▶ **Problem requirements**: For the copy, please give all of the data again exactly and leave the pictures out.

Entries taken from a collection:
==========
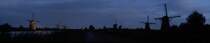 Jedes Jahr werden die M�hlen in Kinderdijk die erste Septemberwoche mit Scheinwerfern angestraht. So auch dieses Jahr. Hier ein Panorama bei Einbruch der D�mmerung. 03.09.2007  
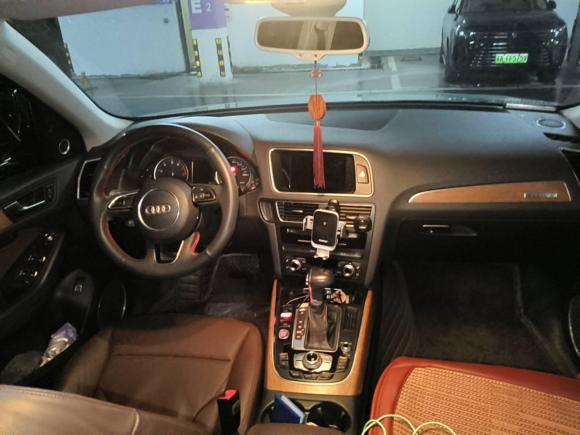 [南京·苏A] 二手奥迪奥迪Q52016款 40 TFSI 豪华型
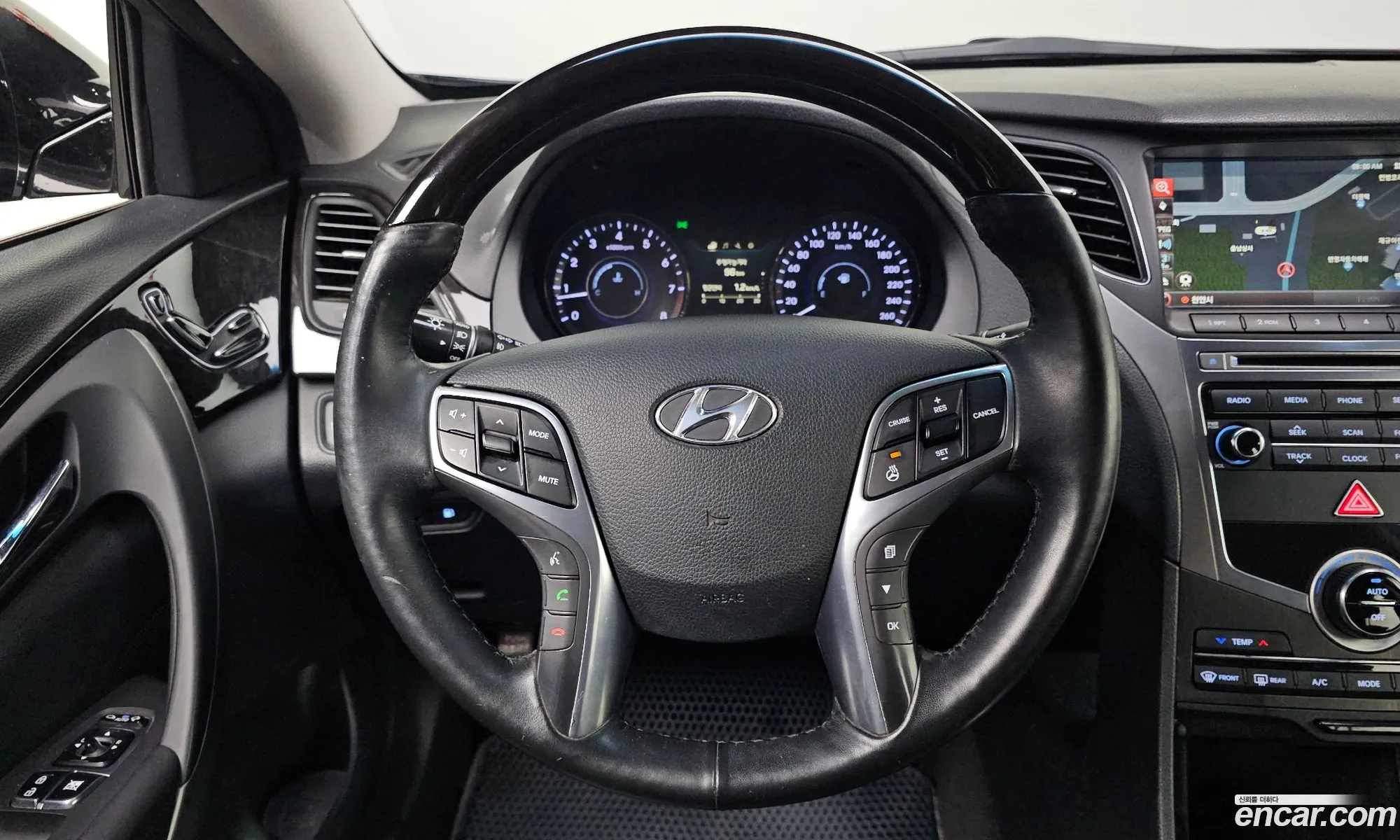Hyundai Grandeur HG 2016 — 2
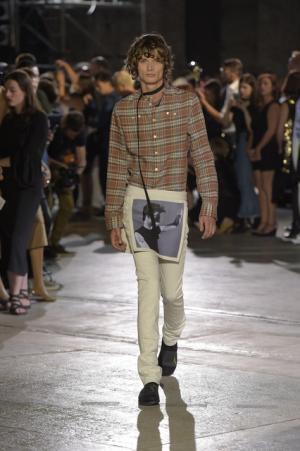 メイプルソープと共にピッティに戻ってきたラフ・シモンズ【17SSメンズ】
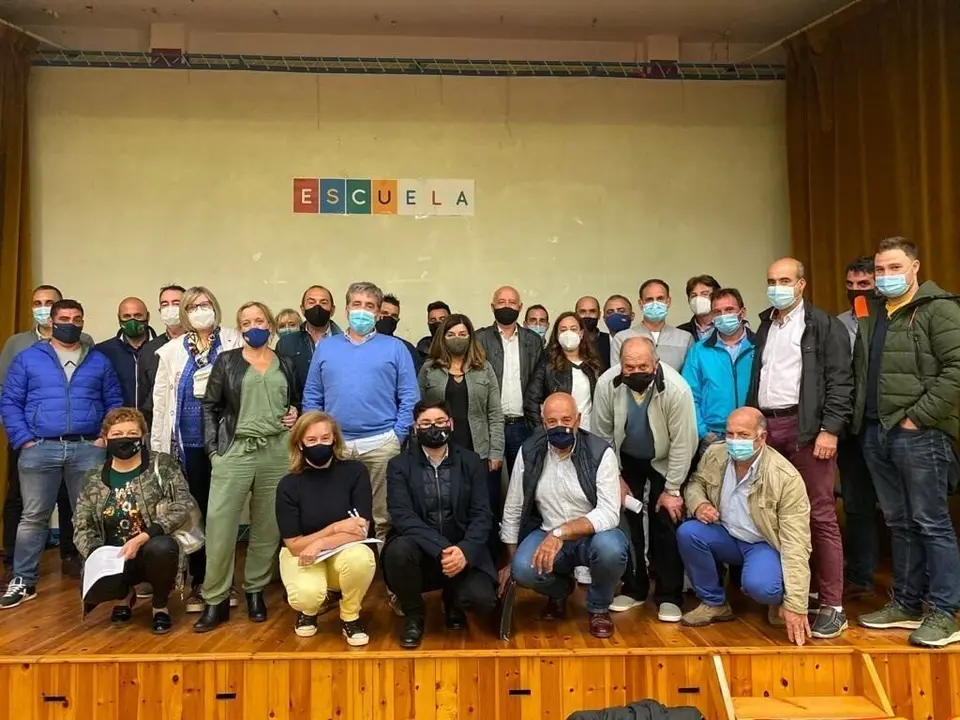 La presidenta del PP de Cantabria, Mar&iacute;a Jos&eacute; S&aacute;enz de Buruaga, con representantes de las entidades locales menores de Campoo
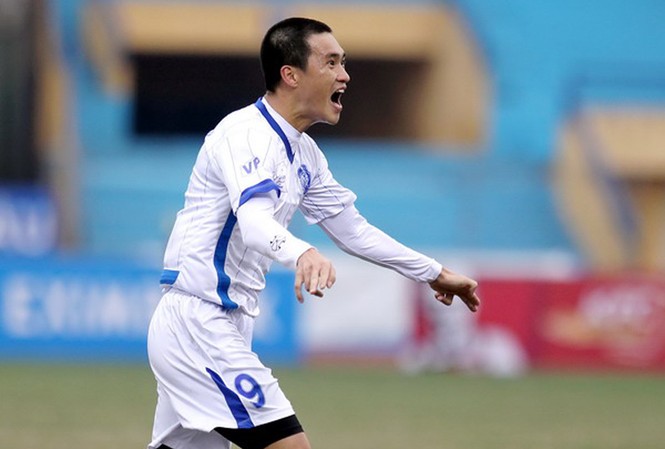 Lê Công Vinh: 'Tôi biết cách để trở lại là chính mình' Công Vinh và CLB BĐ Hà Nội đang có dấu hiệu chơi tốt dần lên trong 2 trận đấu gần đây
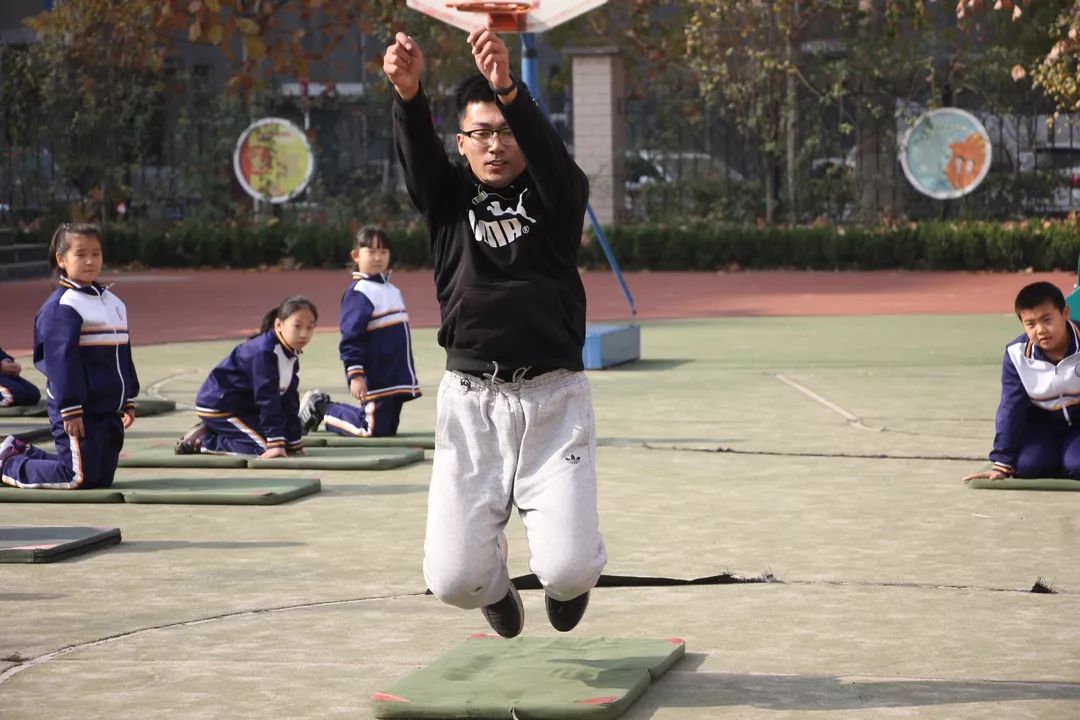 济南市泉星小学举行第一届鹤琴杯教学展示活动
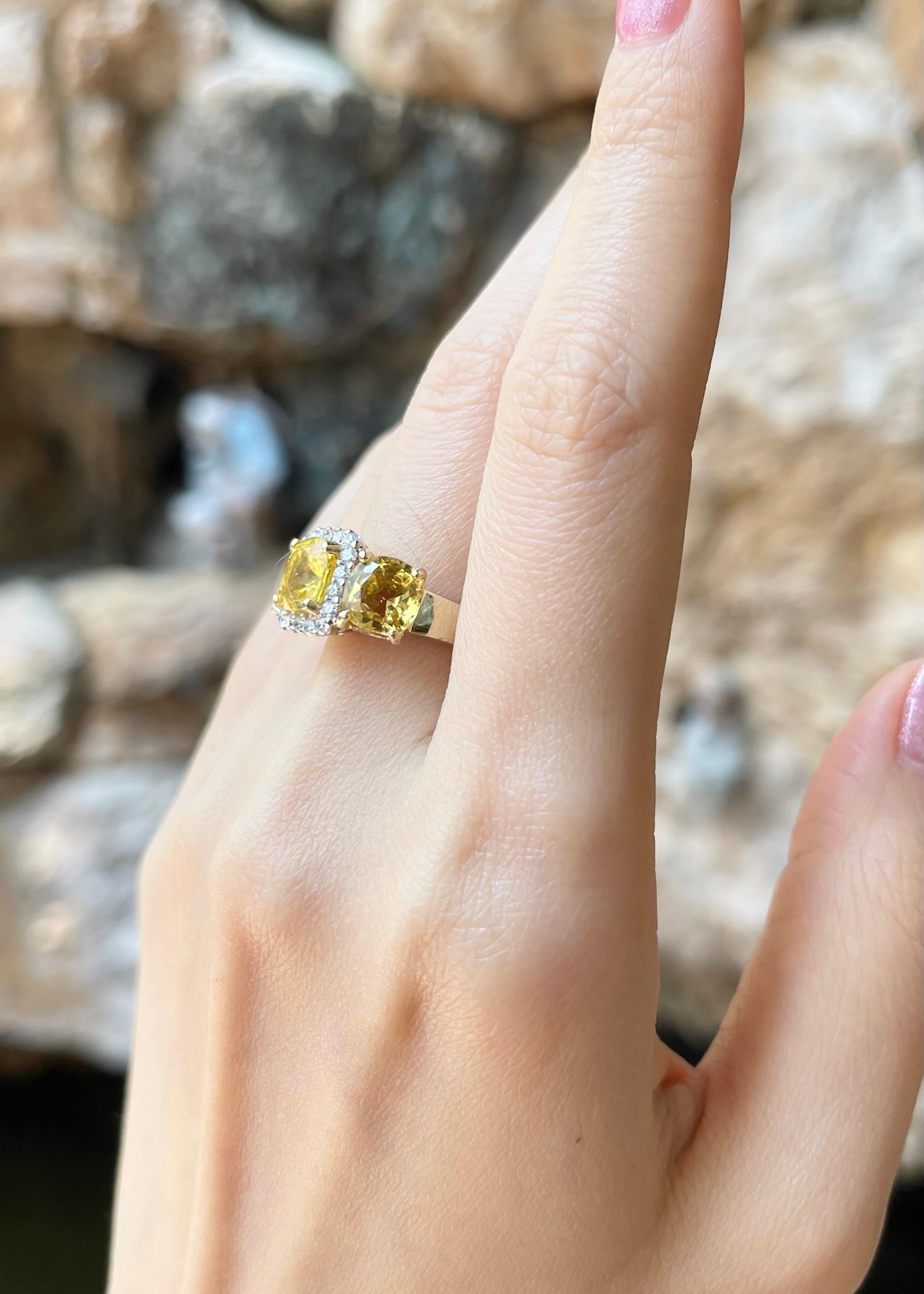 Yellow Sapphire with Diamond Ring set in 18K Gold Setting In New Condition For Sale In Bangkok, TH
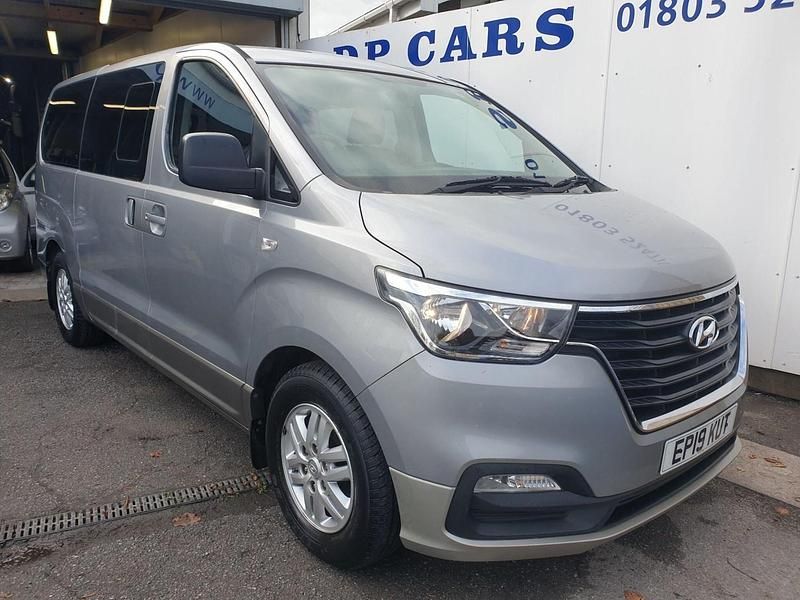 Silver Used 2019 Hyundai I800 SE MPV | £14,000 (Fair price) - Image 1/3
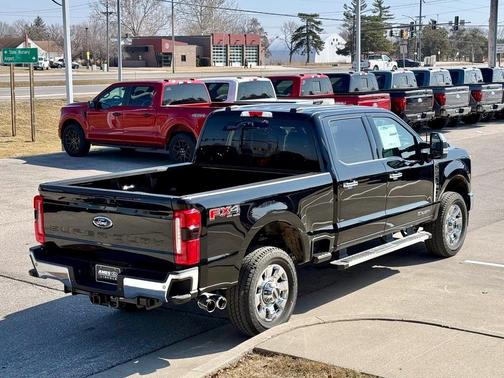 2025 Ford F-350 Lariat Super Duty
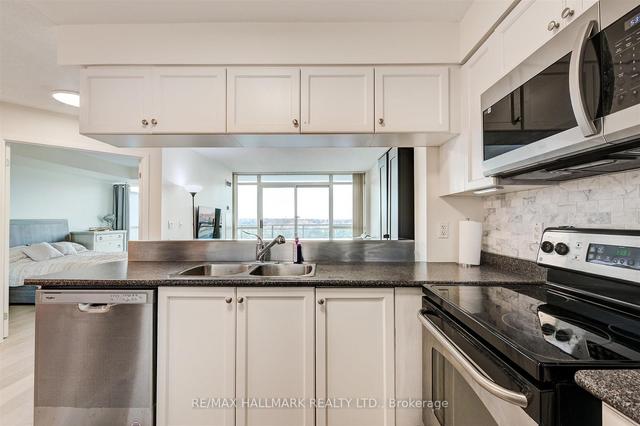 1401 - 185 Legion Rd, Condo with 1 bedrooms, 1 bathrooms and 1 parking in Toronto ON | Image 23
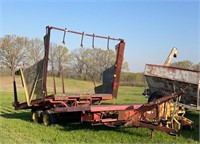 New Holland Stackliner 1024 85 Bale, Bale Stacker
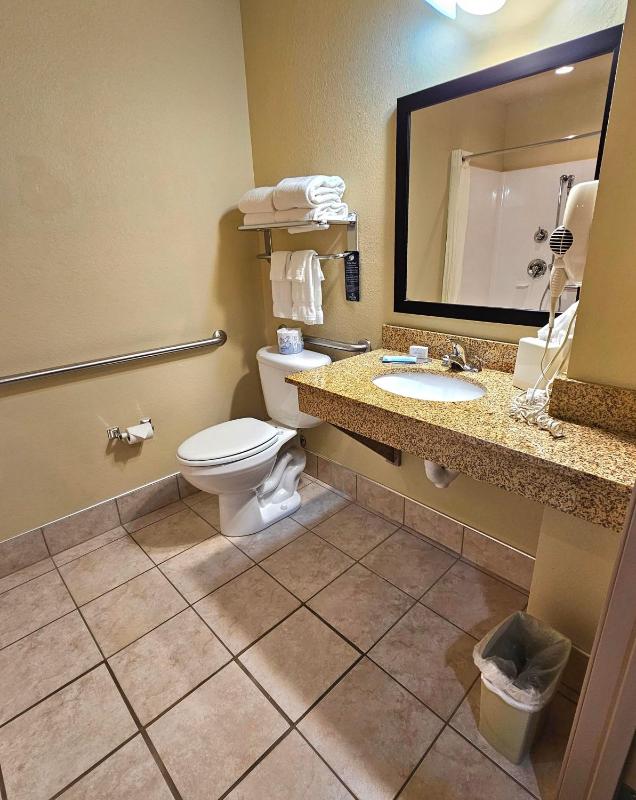 Queen Room with Two Queen Beds - Disabilitiy Access/Non-Smoking image 3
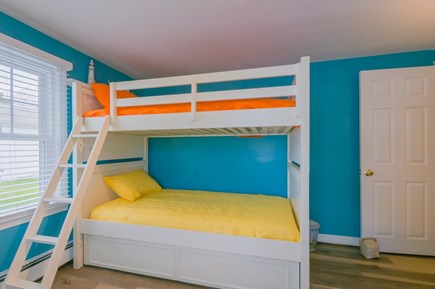 Sandwich Cape Cod vacation rental - Bedroom with Bunk/Trundle (3 Twins)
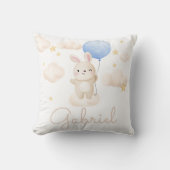 ボーイブルーバルーンかわいいバニー赤ちゃんシャワー名 クッション (正面)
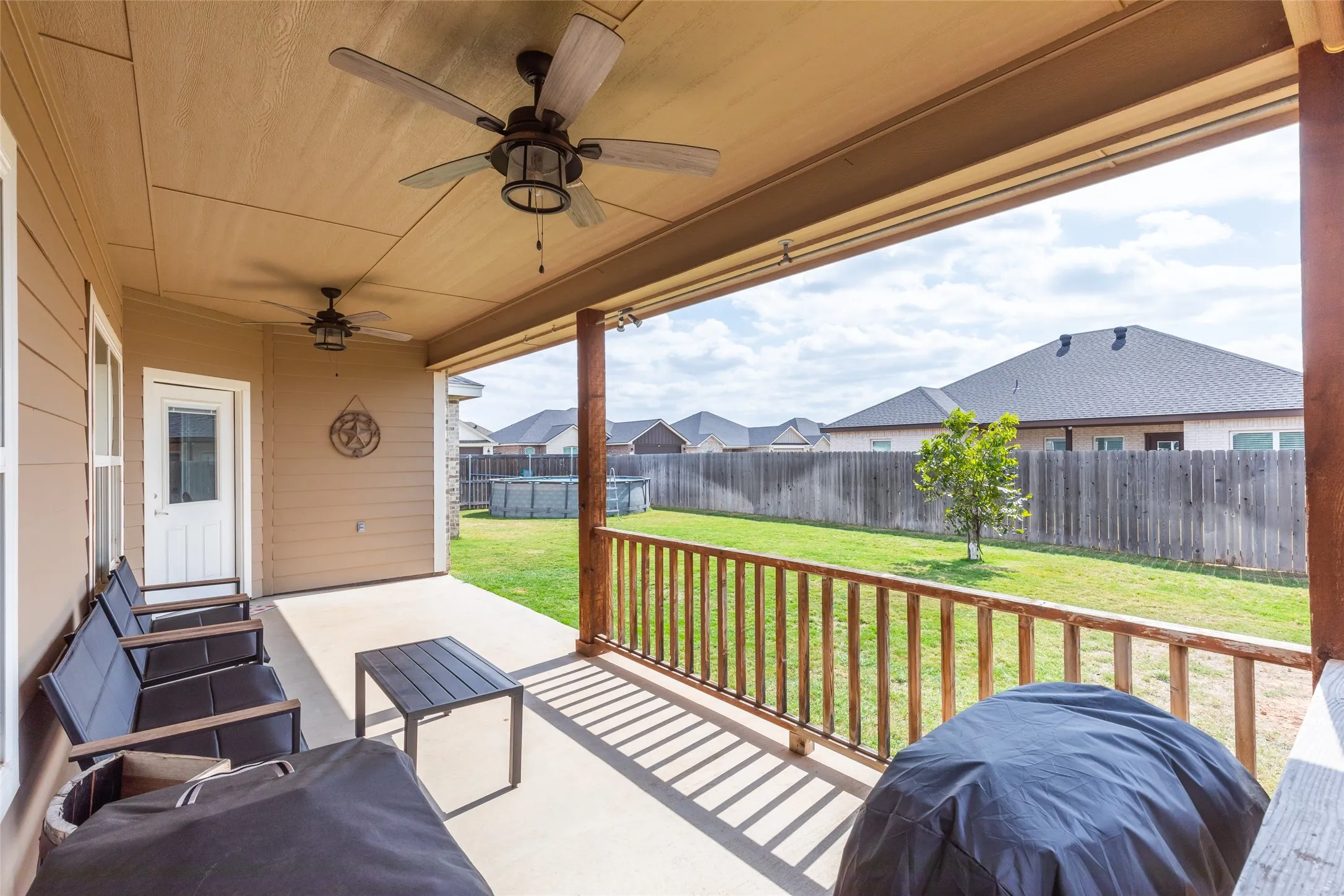 Single Family Residence For Sale in Taylor County , 249 Carriage Hills Parkway, Abilene, Texas 79602, 4 Bedroom, 2 Bathroom, 3 Garage spaces, 1,688 Sqft, built in 2019, mls#21410981, Real Estate Agent in Abilene, Homes For Sale in Taylor county, Homes For Sale in Abilene, Realtor in Abilene Texas, Real Estate Brokerage Independent Realty Texas, Luminita Cordes Realtor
==========
▶ **Result for this exercise**:
 Jedes Jahr werden die M�hlen in Kinderdijk die erste Septemberwoche mit Scheinwerfern angestraht. So auch dieses Jahr. Hier ein Panorama bei Einbruch der D�mmerung. 03.09.2007  
 [南京·苏A] 二手奥迪奥迪Q52016款 40 TFSI 豪华型
Hyundai Grandeur HG 2016 — 2
 メイプルソープと共にピッティに戻ってきたラフ・シモンズ【17SSメンズ】
 La presidenta del PP de Cantabria, Mar&iacute;a Jos&eacute; S&aacute;enz de Buruaga, con representantes de las entidades locales menores de Campoo
 Lê Công Vinh: 'Tôi biết cách để trở lại là chính mình' Công Vinh và CLB BĐ Hà Nội đang có dấu hiệu chơi tốt dần lên trong 2 trận đấu gần đây
 济南市泉星小学举行第一届鹤琴杯教学展示活动
 Yellow Sapphire with Diamond Ring set in 18K Gold Setting In New Condition For Sale In Bangkok, TH
 Silver Used 2019 Hyundai I800 SE MPV | £14,000 (Fair price) - Image 1/3
 2025 Ford F-350 Lariat Super Duty
 1401 - 185 Legion Rd, Condo with 1 bedrooms, 1 bathrooms and 1 parking in Toronto ON | Image 23
 New Holland Stackliner 1024 85 Bale, Bale Stacker
 Queen Room with Two Queen Beds - Disabilitiy Access/Non-Smoking image 3
 Sandwich Cape Cod vacation rental - Bedroom with Bunk/Trundle (3 Twins)
 ボーイブルーバルーンかわいいバニー赤ちゃんシャワー名 クッション (正面)
 Single Family Residence For Sale in Taylor County , 249 Carriage Hills Parkway, Abilene, Texas 79602, 4 Bedroom, 2 Bathroom, 3 Garage spaces, 1,688 Sqft, built in 2019, mls#21410981, Real Estate Agent in Abilene, Homes For Sale in Taylor county, Homes For Sale in Abilene, Realtor in Abilene Texas, Real Estate Brokerage Independent Realty Texas, Luminita Cordes Realtor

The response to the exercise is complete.